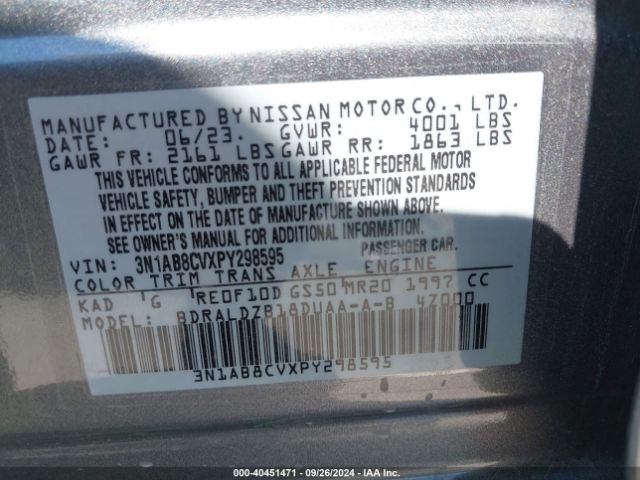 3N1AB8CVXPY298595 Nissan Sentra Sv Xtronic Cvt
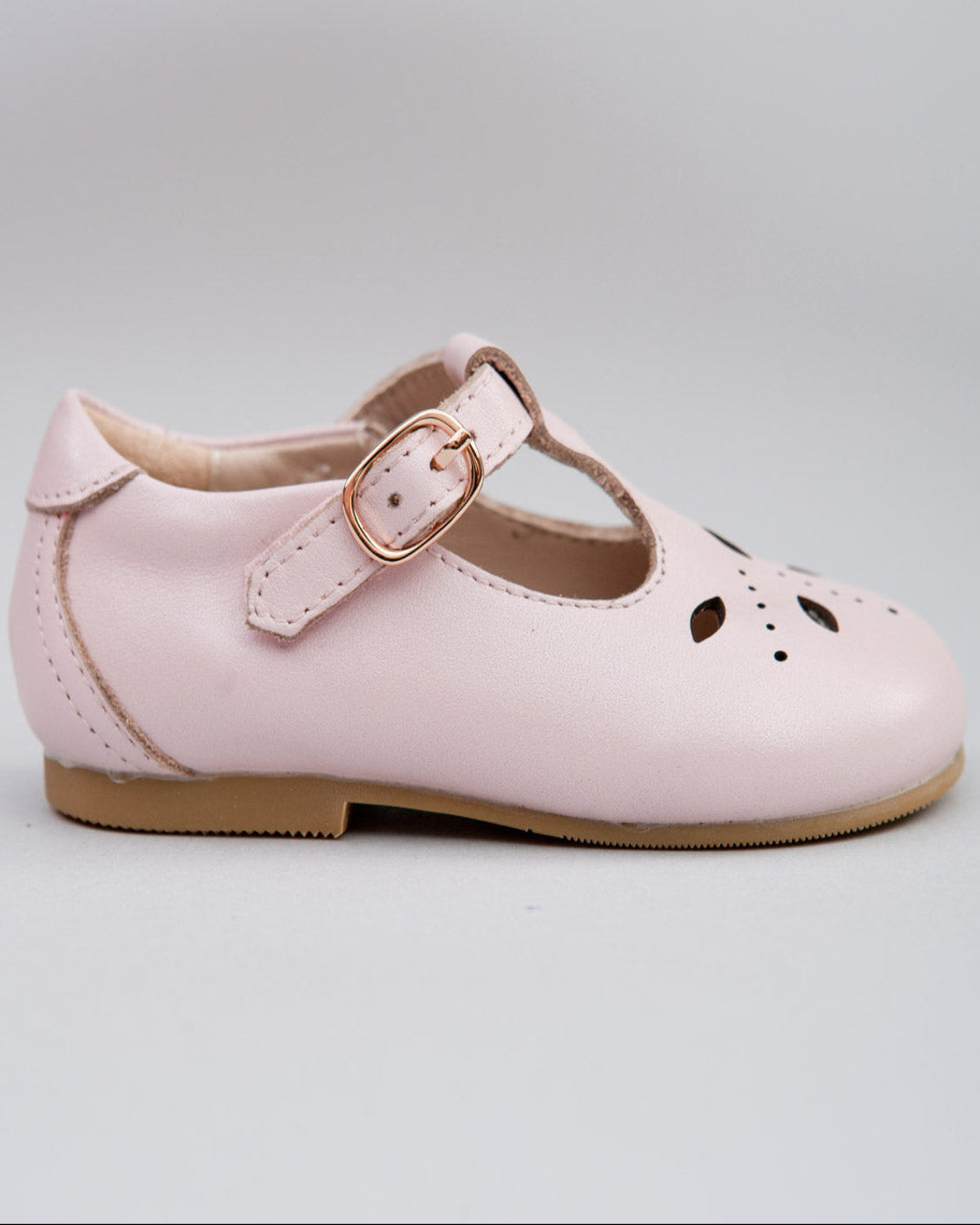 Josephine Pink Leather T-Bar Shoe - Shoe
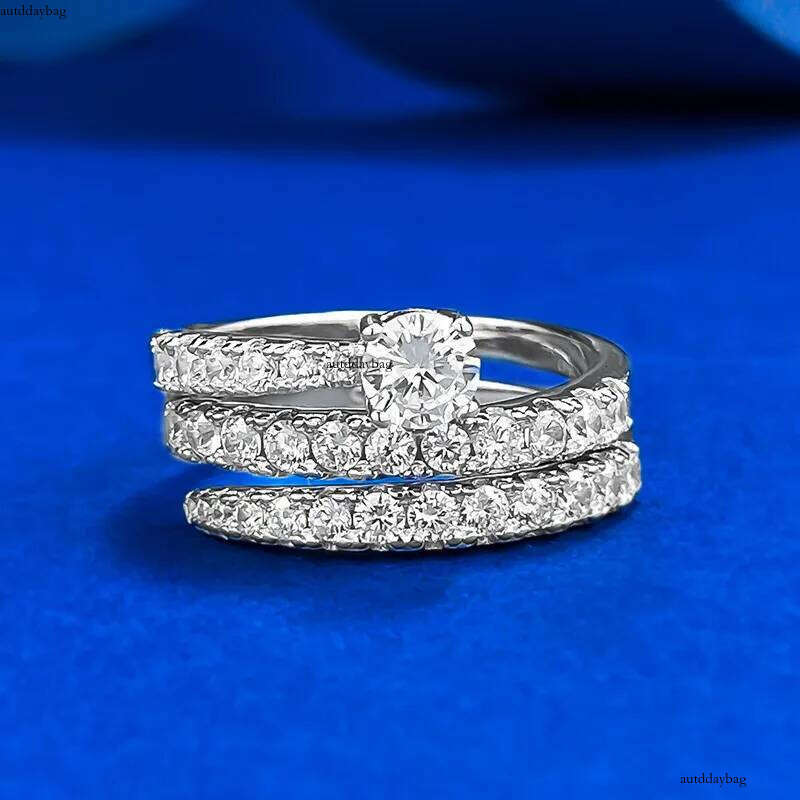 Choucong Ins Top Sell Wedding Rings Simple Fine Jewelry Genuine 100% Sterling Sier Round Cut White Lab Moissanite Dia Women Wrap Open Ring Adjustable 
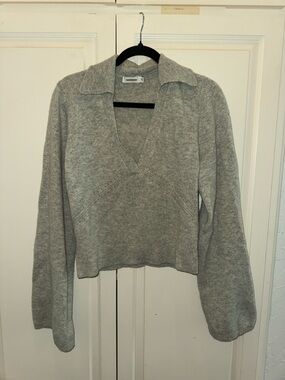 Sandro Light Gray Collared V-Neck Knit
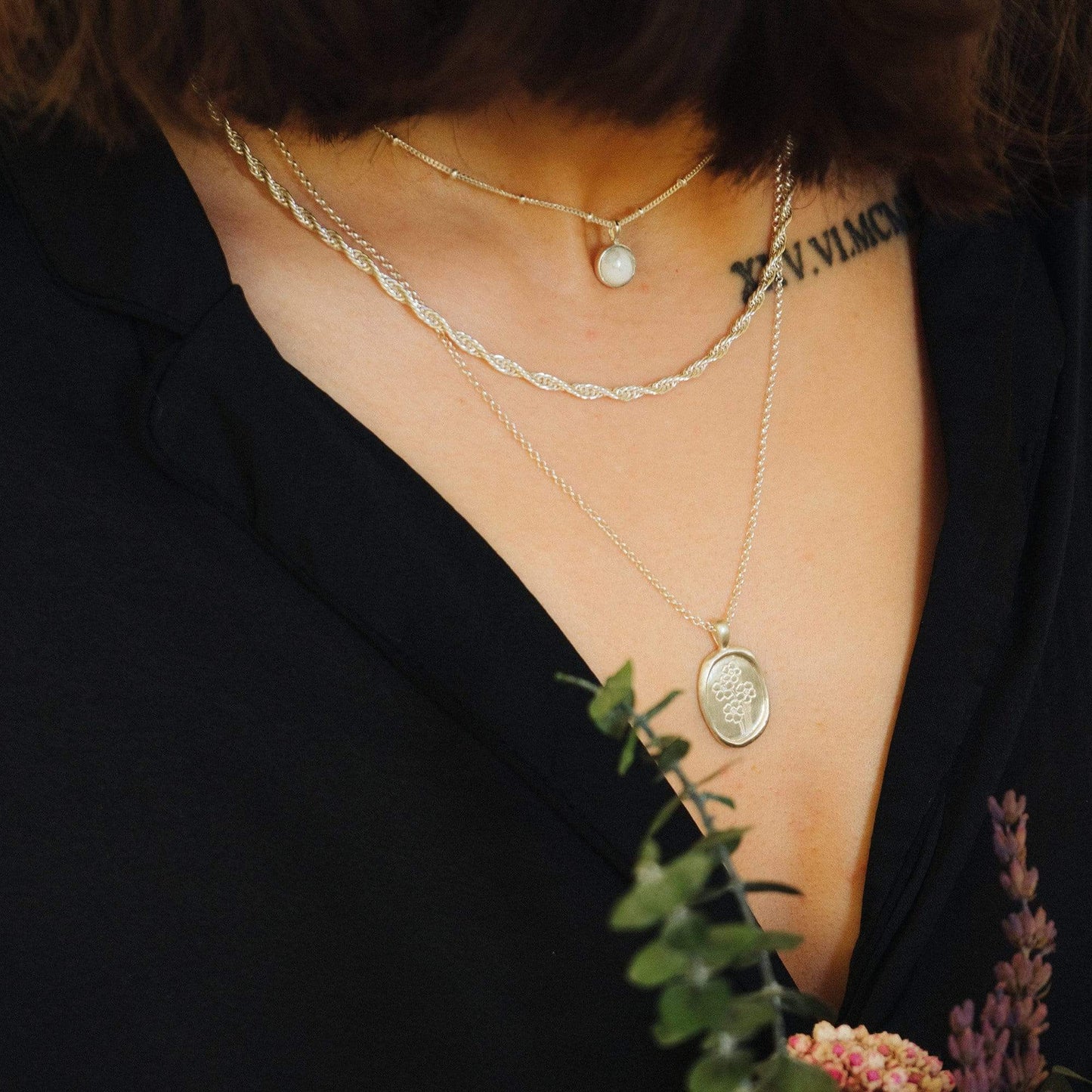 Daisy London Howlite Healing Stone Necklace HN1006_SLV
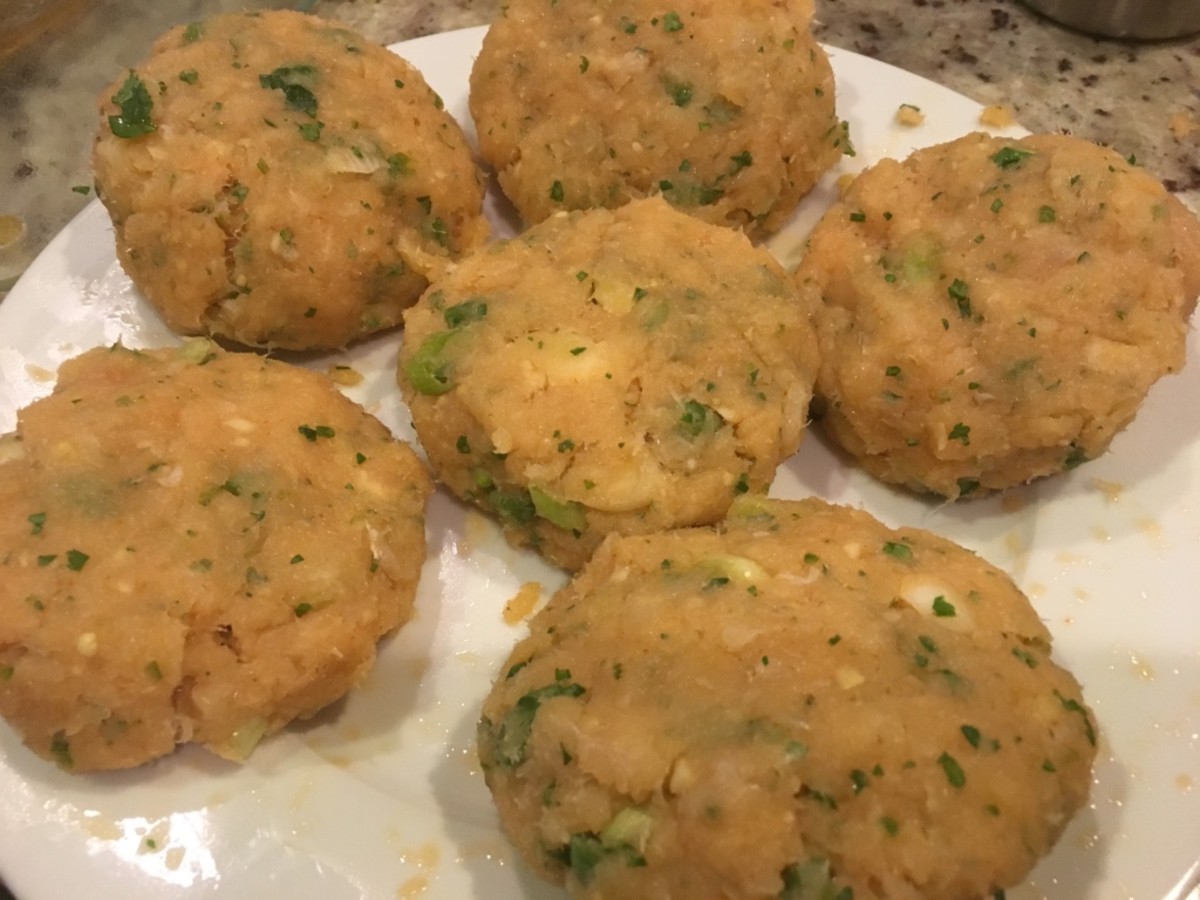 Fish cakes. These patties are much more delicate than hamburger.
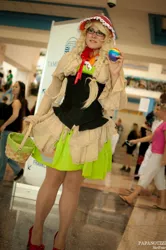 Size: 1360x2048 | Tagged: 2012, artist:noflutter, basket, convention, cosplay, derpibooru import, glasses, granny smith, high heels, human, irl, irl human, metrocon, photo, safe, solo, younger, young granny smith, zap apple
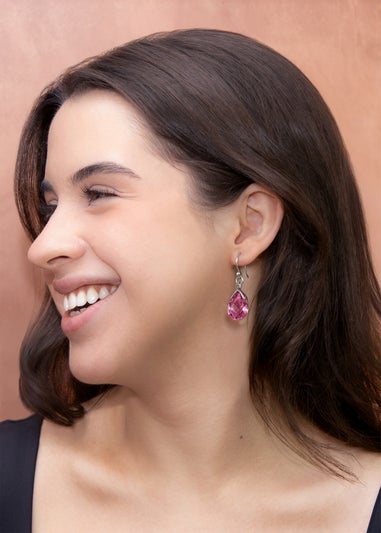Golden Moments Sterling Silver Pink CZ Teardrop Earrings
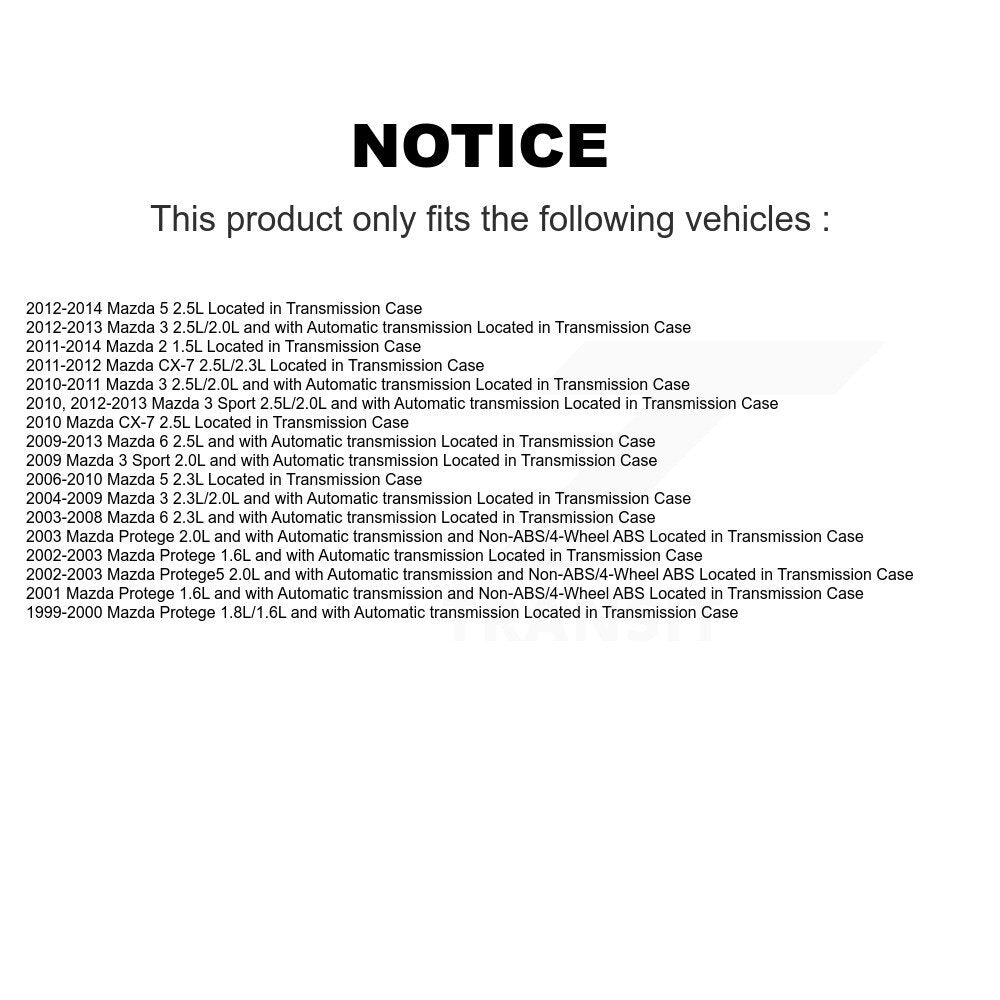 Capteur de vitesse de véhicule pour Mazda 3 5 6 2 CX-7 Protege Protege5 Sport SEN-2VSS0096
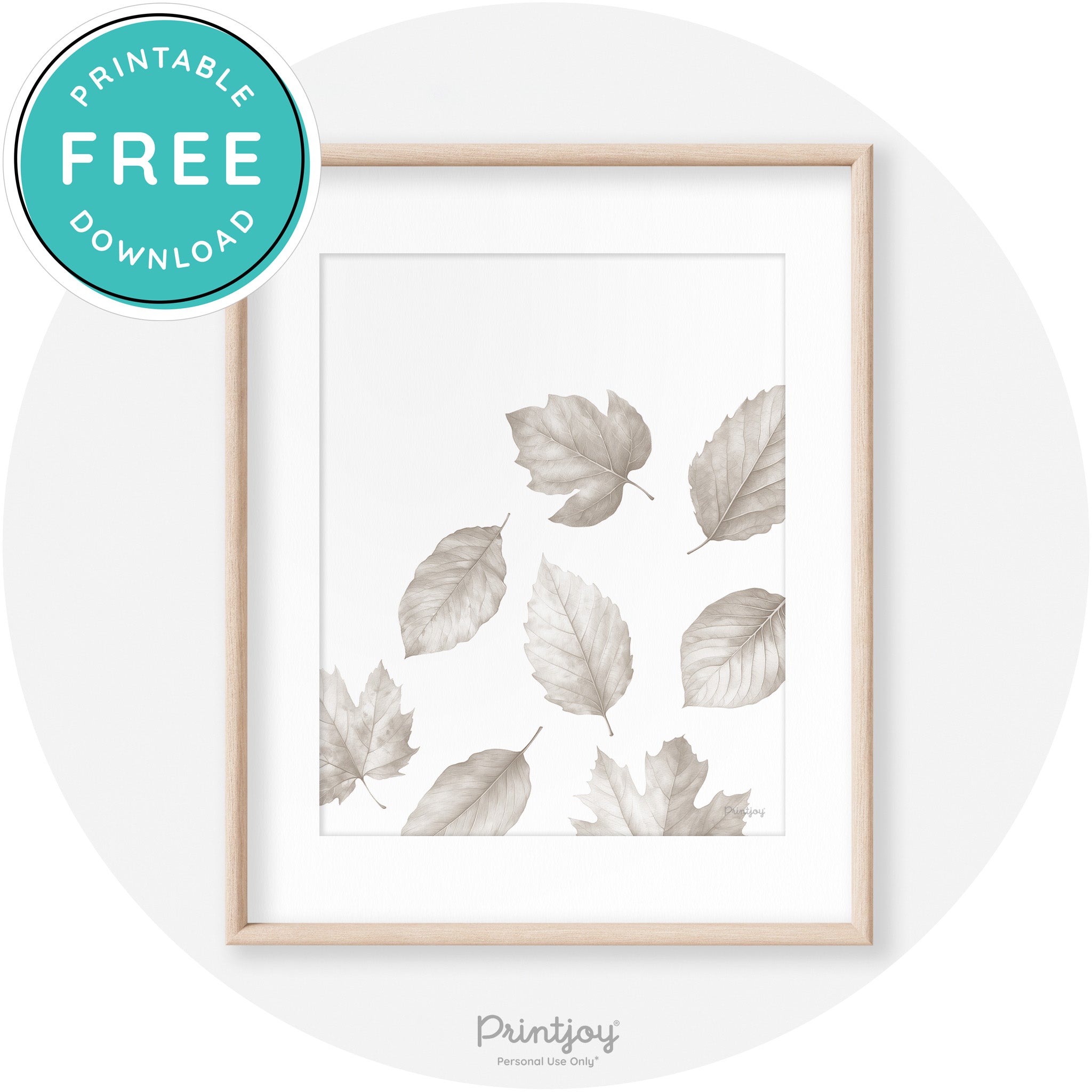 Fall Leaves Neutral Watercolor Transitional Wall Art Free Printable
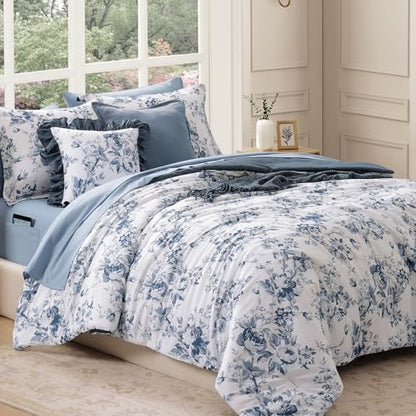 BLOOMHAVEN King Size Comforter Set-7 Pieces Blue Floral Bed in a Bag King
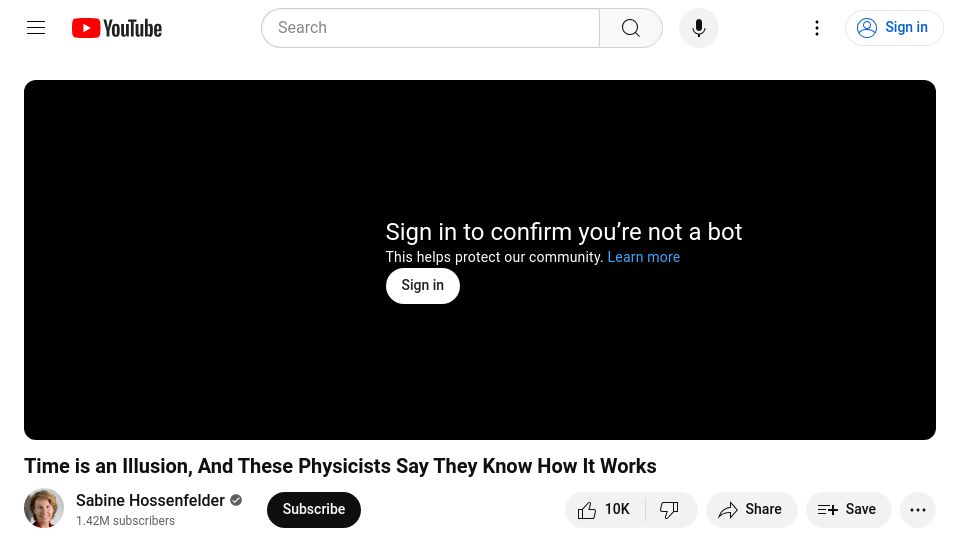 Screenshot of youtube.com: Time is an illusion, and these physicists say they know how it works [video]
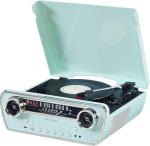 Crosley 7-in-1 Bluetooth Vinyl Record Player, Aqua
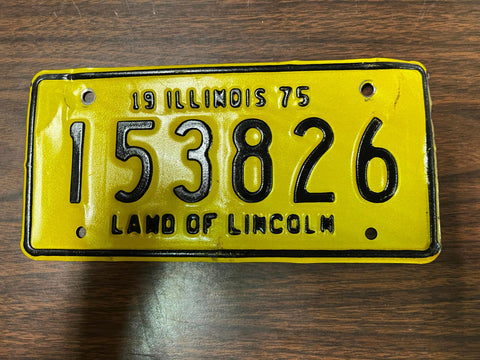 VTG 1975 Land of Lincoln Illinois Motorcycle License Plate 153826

_ _ _ _

### HOW TO COMPLETE THIS TASK
Copy nothing but the lines from the top of the material through the line holding "Choucong Ins Top", exactly as written; omit pictures.

### ANSWER TO THIS TASK
 3N1AB8CVXPY298595 Nissan Sentra Sv Xtronic Cvt
 Josephine Pink Leather T-Bar Shoe - Shoe
 Choucong Ins Top Sell Wedding Rings Simple Fine Jewelry Genuine 100% Sterling Sier Round Cut White Lab Moissanite Dia Women Wrap Open Ring Adjustable 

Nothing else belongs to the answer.